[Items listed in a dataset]
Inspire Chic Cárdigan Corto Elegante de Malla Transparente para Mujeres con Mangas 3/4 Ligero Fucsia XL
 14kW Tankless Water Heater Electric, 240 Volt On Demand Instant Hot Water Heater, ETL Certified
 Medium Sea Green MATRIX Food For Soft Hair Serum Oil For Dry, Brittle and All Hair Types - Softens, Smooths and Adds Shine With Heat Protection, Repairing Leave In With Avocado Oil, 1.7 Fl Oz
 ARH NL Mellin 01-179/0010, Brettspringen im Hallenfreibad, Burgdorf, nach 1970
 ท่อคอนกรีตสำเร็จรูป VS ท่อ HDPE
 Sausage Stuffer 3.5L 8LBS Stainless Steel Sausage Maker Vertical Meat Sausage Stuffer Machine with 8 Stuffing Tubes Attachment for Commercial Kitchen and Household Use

- **WORK REQUEST**
Would you reproduce, word for word, the lines from the one holding "14kW Tankless Water" through the final line of the entries, both included?

- **THE ANSWER**
 14kW Tankless Water Heater Electric, 240 Volt On Demand Instant Hot Water Heater, ETL Certified
 Medium Sea Green MATRIX Food For Soft Hair Serum Oil For Dry, Brittle and All Hair Types - Softens, Smooths and Adds Shine With Heat Protection, Repairing Leave In With Avocado Oil, 1.7 Fl Oz
 ARH NL Mellin 01-179/0010, Brettspringen im Hallenfreibad, Burgdorf, nach 1970
 ท่อคอนกรีตสำเร็จรูป VS ท่อ HDPE
 Sausage Stuffer 3.5L 8LBS Stainless Steel Sausage Maker Vertical Meat Sausage Stuffer Machine with 8 Stuffing Tubes Attachment for Commercial Kitchen and Household Use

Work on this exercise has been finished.